# McCulloch blower/vac engine



## Bidwin (May 4, 2005)

Can anyone tell me the make and/or model number and displacement of the engine in my McCulloch Eager Beaver blower/vac, model 400048-06? I've had the engine out of the plastic case but haven't removed the metal shrouds or otherwise disassembled it so I haven't found any identifying marks. There's no info about the engine in the user manual and I've searched the net for info but found nothing.

Does the "06" in the model number indicate a letter, such as "F"? I've found 400048C, E, and F on the Internet but not 400048-06.

I want to convert the engine to a use on an RC plane. Can anyone tell me where I can get an electronic ignition conversion kit other than from CH Ignition? (Yes I know I can buy one ready-made but what's the fun in that?)

Thanks,
Bidwin


----------



## bbnissan (Nov 7, 2004)

My suggestion would be to find another 2 cycle engine to use for your RC project. McCulloch has been out of business for a very long time now and parts/manuals are very hard to find.

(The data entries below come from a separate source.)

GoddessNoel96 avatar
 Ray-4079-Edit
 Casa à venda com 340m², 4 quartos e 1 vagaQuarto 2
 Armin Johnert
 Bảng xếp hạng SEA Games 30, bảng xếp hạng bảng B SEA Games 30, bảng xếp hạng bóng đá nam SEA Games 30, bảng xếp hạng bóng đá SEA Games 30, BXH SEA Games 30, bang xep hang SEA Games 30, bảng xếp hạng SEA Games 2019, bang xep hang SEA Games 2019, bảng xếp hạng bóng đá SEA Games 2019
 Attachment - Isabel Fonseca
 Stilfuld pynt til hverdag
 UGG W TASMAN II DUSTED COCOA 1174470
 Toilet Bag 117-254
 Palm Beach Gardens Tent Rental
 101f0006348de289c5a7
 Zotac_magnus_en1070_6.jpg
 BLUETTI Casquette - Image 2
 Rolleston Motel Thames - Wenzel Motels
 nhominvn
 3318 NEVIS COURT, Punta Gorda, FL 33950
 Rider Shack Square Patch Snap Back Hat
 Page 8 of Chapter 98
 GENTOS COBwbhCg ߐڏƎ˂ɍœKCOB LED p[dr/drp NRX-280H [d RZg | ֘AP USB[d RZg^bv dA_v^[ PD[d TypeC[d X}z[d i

You may want to call around to your local recycle centers and see if any of them recycle lawn equipment. If you find one, they will usually sell you stuff for really cheap. I found an Echo string trimmer in my local recycle center and paid $5 for it. After a quick tune-up and carb rebuild, I had it running like brand new (it also looked brand new). I have also found chainsaws, lawnmowers, and edgers that only needed minor repairs.


----------



## Smalblok355 (Oct 22, 2004)

how much you think you might want for this eagerbeaver engine????


----------



## Bidwin (May 4, 2005)

I hadn't planned to sell it, Smalblok. I'm just looking for a project.
Bidwin


----------